In the records below, find the line that contains "Birds アングリーバード ペット用ベスト" and the line that contains "Plus de détails", then retype exactly those two lines and every line between them.

____

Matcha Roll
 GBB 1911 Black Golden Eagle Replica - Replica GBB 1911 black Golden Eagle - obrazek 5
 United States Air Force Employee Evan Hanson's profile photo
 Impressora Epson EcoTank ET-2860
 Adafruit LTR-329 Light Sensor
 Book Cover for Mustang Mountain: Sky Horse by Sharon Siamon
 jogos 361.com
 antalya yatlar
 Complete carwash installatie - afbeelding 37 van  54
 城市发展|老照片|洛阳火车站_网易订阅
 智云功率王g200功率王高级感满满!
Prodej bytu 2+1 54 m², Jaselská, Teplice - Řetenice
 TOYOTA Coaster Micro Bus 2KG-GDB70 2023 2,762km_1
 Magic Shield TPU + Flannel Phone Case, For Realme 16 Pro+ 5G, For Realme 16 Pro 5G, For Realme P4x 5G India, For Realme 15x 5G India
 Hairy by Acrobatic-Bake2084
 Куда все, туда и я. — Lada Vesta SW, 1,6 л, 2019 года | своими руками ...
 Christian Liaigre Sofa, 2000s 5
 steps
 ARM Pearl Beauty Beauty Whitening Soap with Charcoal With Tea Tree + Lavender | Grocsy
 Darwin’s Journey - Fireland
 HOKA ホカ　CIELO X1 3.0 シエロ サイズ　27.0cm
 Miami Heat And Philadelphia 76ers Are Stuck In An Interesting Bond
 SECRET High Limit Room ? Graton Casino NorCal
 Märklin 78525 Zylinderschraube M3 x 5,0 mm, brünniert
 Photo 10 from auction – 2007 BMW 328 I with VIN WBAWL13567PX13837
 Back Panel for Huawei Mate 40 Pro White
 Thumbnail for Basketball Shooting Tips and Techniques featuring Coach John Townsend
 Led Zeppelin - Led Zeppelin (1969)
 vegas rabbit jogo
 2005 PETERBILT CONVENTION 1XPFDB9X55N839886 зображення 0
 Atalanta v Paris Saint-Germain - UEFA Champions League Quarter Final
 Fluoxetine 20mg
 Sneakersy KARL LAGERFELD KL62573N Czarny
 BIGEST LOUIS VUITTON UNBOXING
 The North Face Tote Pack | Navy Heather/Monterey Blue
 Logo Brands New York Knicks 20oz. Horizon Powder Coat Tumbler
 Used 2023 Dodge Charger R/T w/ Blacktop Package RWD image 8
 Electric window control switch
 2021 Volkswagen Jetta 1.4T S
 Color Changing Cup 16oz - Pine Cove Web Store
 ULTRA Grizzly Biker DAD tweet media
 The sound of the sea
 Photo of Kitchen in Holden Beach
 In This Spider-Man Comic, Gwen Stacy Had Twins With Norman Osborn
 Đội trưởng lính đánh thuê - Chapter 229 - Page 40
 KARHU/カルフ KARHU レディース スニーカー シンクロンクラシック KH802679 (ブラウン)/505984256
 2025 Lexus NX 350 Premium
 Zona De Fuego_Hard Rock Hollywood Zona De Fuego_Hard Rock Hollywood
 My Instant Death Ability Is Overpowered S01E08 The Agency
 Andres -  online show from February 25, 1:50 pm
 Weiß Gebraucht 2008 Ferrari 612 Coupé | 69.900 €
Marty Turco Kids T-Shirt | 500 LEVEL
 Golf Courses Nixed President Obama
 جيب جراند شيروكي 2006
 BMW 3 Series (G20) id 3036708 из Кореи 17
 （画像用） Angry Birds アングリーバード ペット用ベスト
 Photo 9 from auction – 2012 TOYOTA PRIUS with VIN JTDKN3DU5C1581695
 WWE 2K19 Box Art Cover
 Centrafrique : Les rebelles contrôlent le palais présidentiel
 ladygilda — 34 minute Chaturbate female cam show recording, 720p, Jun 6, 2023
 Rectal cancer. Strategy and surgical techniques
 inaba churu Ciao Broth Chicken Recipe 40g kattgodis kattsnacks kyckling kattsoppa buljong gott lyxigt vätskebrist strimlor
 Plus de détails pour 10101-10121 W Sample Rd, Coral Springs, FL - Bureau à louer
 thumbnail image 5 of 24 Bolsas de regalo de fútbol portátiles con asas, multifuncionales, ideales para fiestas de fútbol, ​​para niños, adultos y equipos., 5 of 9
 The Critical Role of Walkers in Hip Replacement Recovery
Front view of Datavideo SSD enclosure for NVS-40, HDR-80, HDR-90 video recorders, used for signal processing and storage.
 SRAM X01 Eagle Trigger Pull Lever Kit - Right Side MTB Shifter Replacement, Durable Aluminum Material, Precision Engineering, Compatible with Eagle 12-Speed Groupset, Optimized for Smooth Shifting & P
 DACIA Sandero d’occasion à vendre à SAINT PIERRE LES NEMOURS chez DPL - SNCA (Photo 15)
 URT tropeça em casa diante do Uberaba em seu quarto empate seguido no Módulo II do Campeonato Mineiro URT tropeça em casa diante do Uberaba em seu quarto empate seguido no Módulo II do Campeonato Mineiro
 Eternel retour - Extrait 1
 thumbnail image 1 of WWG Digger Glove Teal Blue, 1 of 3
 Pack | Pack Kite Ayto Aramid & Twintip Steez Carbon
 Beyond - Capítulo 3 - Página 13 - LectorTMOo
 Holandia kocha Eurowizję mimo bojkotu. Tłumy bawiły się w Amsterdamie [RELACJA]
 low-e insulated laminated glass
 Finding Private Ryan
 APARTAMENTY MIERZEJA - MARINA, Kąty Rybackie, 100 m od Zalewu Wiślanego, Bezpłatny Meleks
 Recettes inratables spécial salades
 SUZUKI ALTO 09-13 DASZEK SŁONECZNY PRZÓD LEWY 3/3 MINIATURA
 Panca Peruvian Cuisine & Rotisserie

____

**RESULT OF THE TASK:**
 （画像用） Angry Birds アングリーバード ペット用ベスト
 Photo 9 from auction – 2012 TOYOTA PRIUS with VIN JTDKN3DU5C1581695
 WWE 2K19 Box Art Cover
 Centrafrique : Les rebelles contrôlent le palais présidentiel
 ladygilda — 34 minute Chaturbate female cam show recording, 720p, Jun 6, 2023
 Rectal cancer. Strategy and surgical techniques
 inaba churu Ciao Broth Chicken Recipe 40g kattgodis kattsnacks kyckling kattsoppa buljong gott lyxigt vätskebrist strimlor
 Plus de détails pour 10101-10121 W Sample Rd, Coral Springs, FL - Bureau à louer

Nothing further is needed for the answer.